2024 CFU Club Shield

Tournament details
- Host country: Curaçao
- Dates: 25 July – 4 August
- Teams: 20 (from 20 associations)

Final positions
- Champions: Arnett Gardens (1st title)
- Runners-up: Grenades
- Third place: Atlético Pantoja
- Fourth place: Dublanc

Tournament statistics
- Matches played: 20
- Goals scored: 55 (2.75 per match)
- Top scorer(s): Travist Joseph Fabian Reid (4 goals)

= 2024 CFU Club Shield =

Football tournament

The 2024 CFU Club Shield was the seventh edition of the CFU Club Shield, the second-tier annual international club football competition in the Caribbean region, held amongst the clubs affiliated with the Caribbean Football Union (CFU), a sub-confederation of CONCACAF. The tournament was played in Curaçao between 25 July – 4 August 2024.

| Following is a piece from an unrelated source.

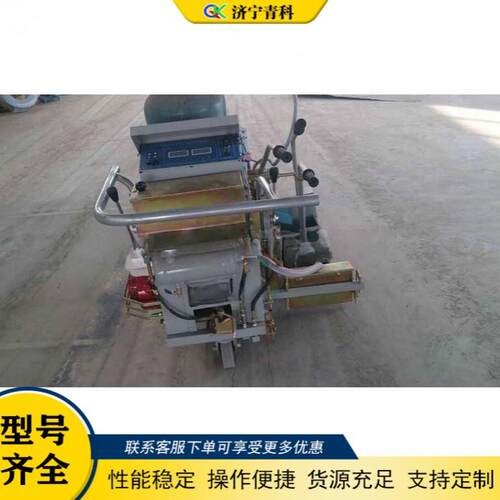 走式凸手起划线机扶路面热熔震荡自标线机式MAGA-102马路地面划线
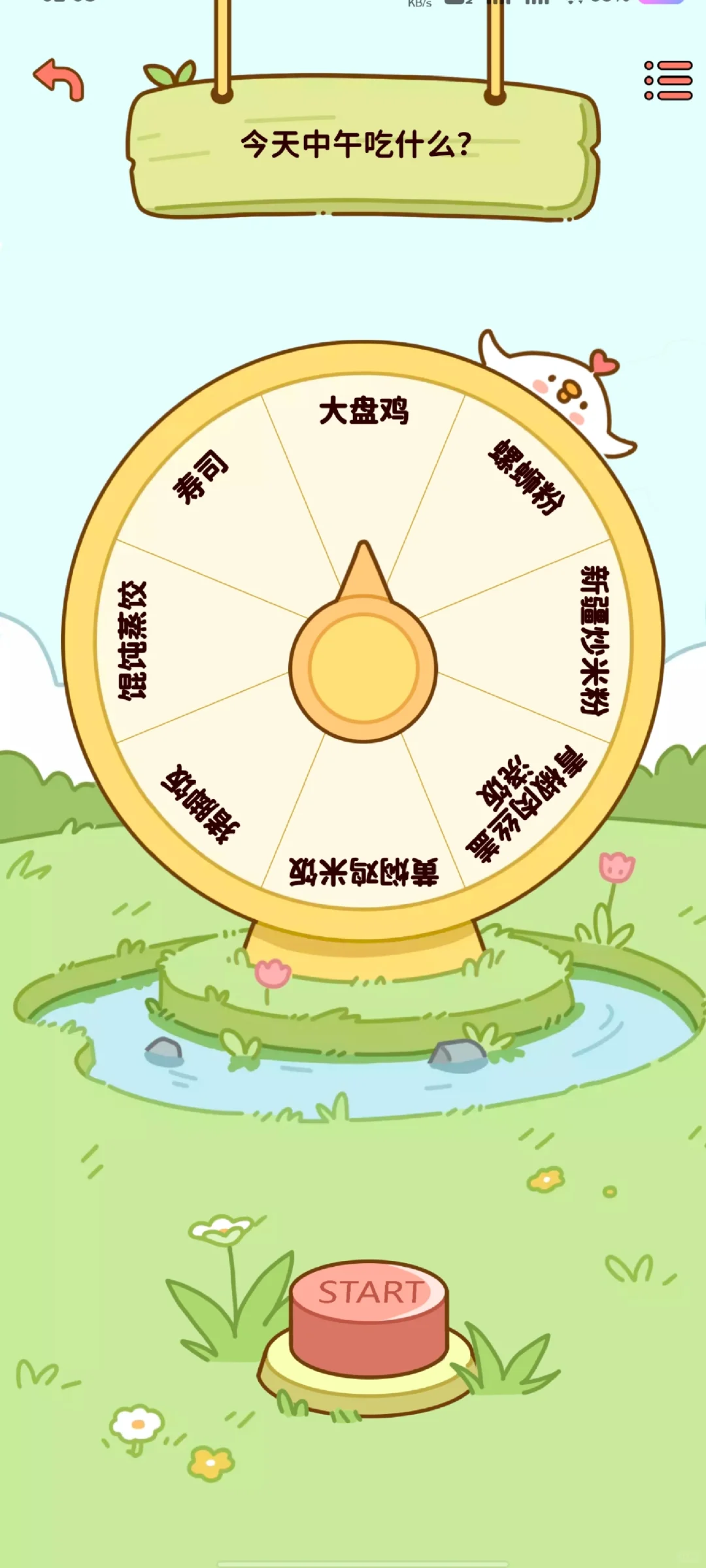 超好用的减脂食谱app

This iteration of the CFU Club Shield transitioned to the CFU for management and organization.

Arnett Gardens won their first title, defeating Grenades in the final. Both finalists qualified to the 2024 CONCACAF Caribbean Cup.

==Teams==
Among the 31 CFU member associations, 20 of them are classified and each may enter one team in the CONCACAF Caribbean Shield.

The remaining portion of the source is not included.